5) Division of Enforcement: 2020 Annual Report, U.S. Securities and Exchange Commission (2020 Annual Report), at p. 17. For further information regarding the 2020 Annual Report, please refer to Dechert OnPoint, SEC Enforcement Division Releases 2020 Annual Report: COVID-19 Impacts Enforcement as Whistleblower Program Boosts Enforcement.
6) For further information regarding the Kokesh decision, please refer to Dechert OnPoint, Supreme Court Recognizes Five-Year Statute of Limitations for SEC Disgorgement Claims
7) For further information regarding the Liu decision, please refer to Dechert OnPoint, The Supreme Court Affirms, But Limits, The SEC’s Disgorgement Authority.
8) 2020 Annual Report, supra note 4, at p. 7.
9) NDAA § 6501(a)(3).
10) Note that both the five-year and ten-year statutes of limitations are tolled for any time a respondent spends outside the United States.
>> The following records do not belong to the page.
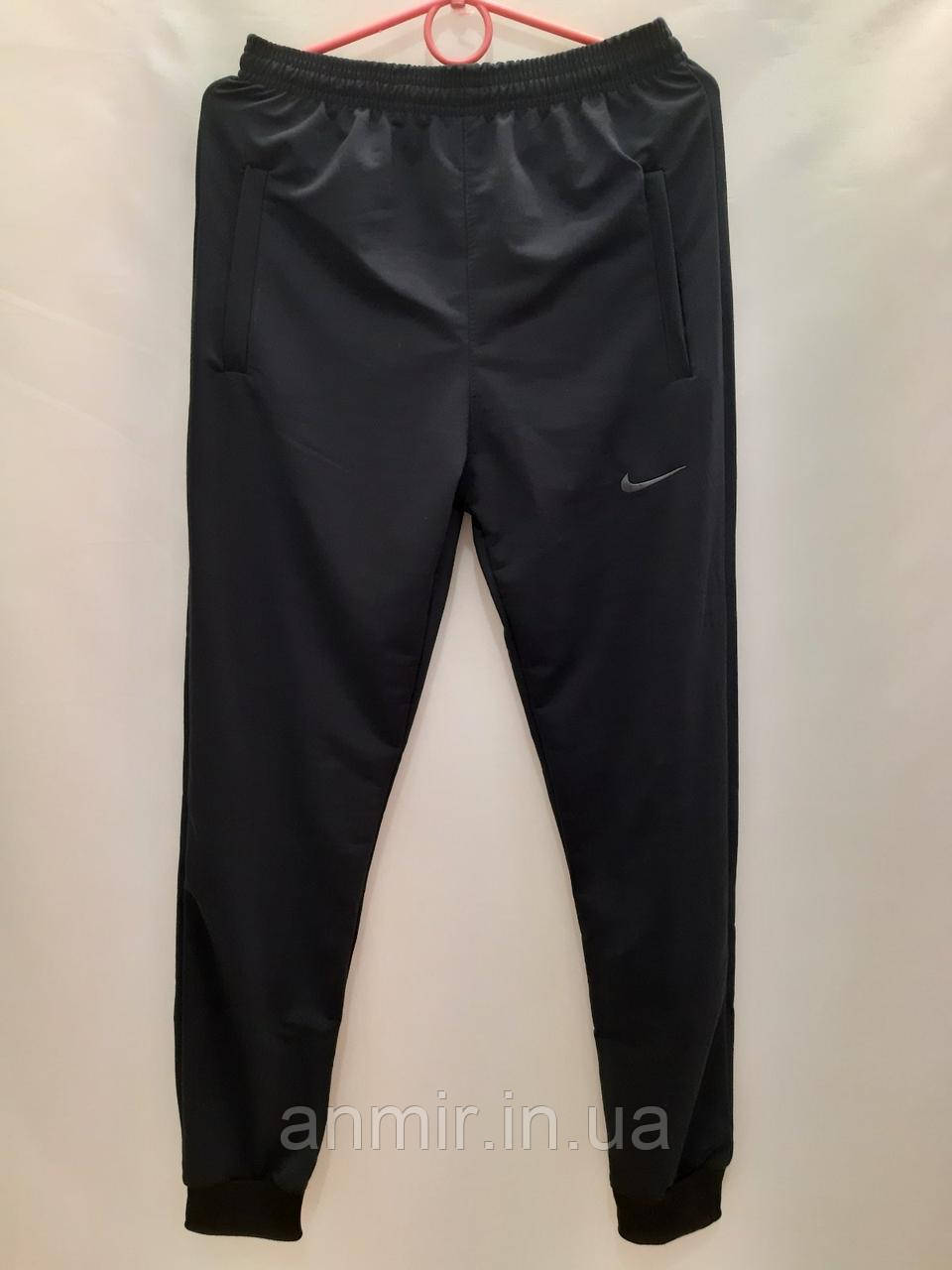 Спортивні штани чоловічі на манжетах трикотаж Nike норма 46-52, колір темно-синій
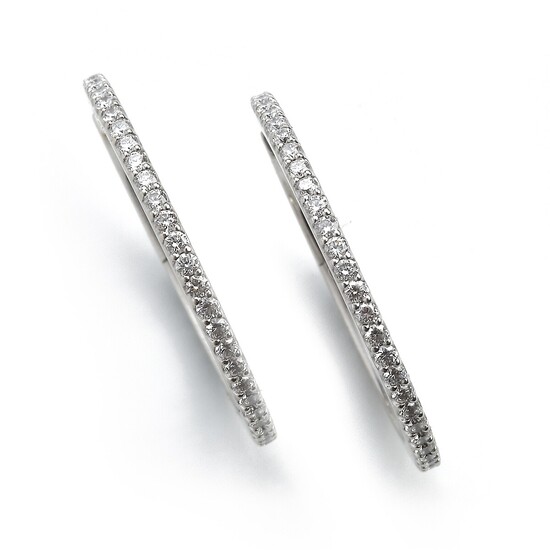 Ole Lynggaard: A pair of diamond ear pendants “Love” each set with numerous brilliant-cut diamonds, mounted in 18k white gold. Design Charlotte Lynggaard.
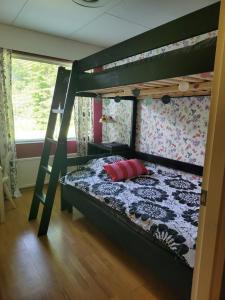 ein Schlafzimmer mit einem Etagenbett mit einer Leiter in der Unterkunft Niittyvilla Apartments in Jämsä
Id.
11) The Enforcement Division noted in its Annual Report that it had returned $602 million to investors, a small fraction of the $3.59 billion in total disgorgement recovered. 2020 Annual Report at 18. Therefore, absent the new statutory authority, Liu likely would have had a significant impact on disgorgement recovery if disgorgement amounts had to be returned directly to investors.
12) Jody Godoy, SEC Mulls Expanding Ongoing Cases After Law Change, Jan. 6, 2021.